Provided data: Begin

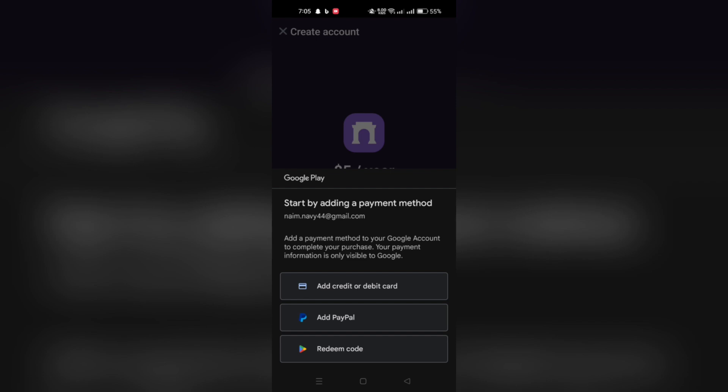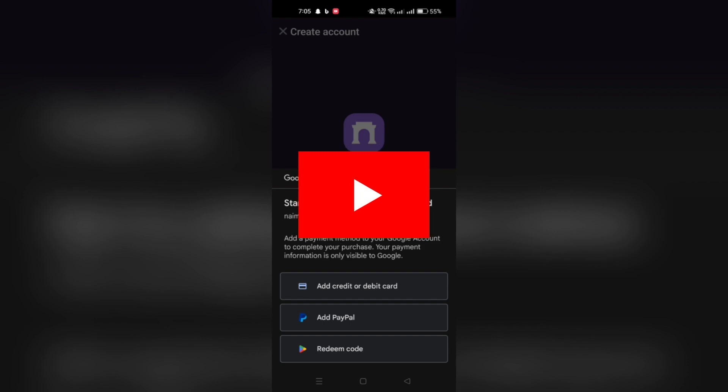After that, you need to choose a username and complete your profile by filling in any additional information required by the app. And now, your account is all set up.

Provided data: End
Provided data: Begin

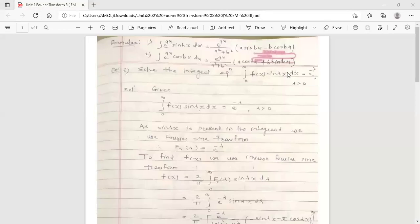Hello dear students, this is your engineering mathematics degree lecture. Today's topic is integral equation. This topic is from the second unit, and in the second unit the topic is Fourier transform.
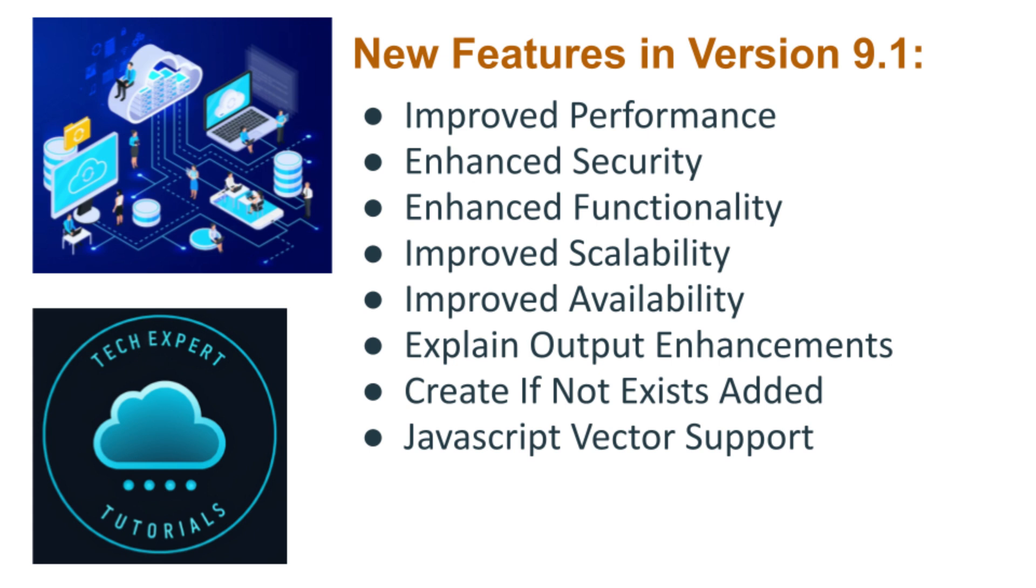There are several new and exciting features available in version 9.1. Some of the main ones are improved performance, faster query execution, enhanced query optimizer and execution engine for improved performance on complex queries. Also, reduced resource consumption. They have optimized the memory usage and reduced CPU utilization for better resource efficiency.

Provided data: End
Provided data: Begin

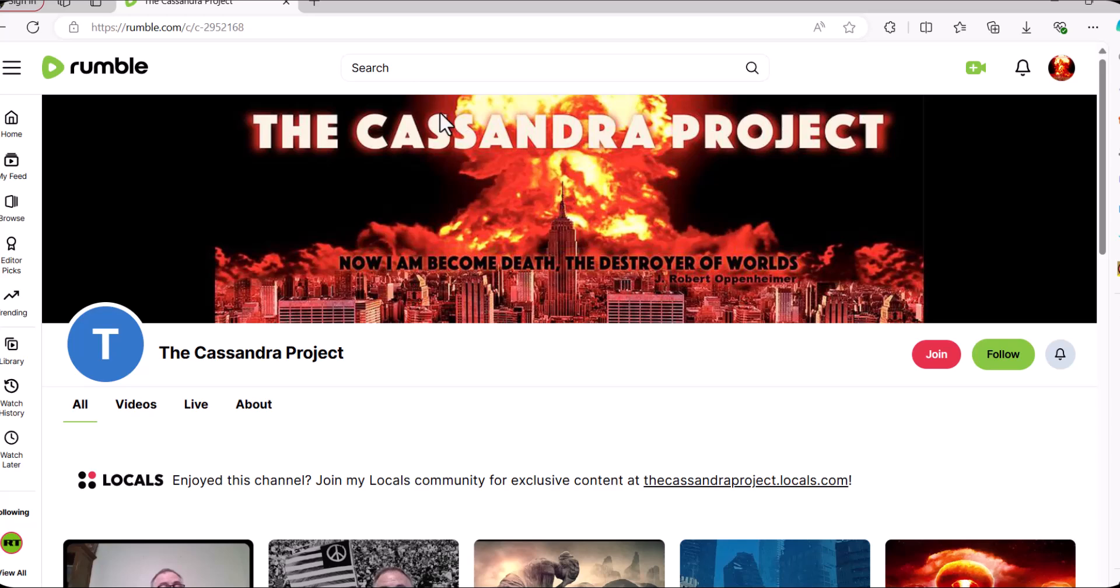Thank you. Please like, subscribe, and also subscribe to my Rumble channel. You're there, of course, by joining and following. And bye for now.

Provided data: End

■ Problem to work on
Within the listing above, find the line containing "Hello dear students, this" and the line containing "There are several". Transcribe them and everything between them exactly, leaving out the pictures.

■ Expected answer
Hello dear students, this is your engineering mathematics degree lecture. Today's topic is integral equation. This topic is from the second unit, and in the second unit the topic is Fourier transform.
There are several new and exciting features available in version 9.1. Some of the main ones are improved performance, faster query execution, enhanced query optimizer and execution engine for improved performance on complex queries. Also, reduced resource consumption. They have optimized the memory usage and reduced CPU utilization for better resource efficiency.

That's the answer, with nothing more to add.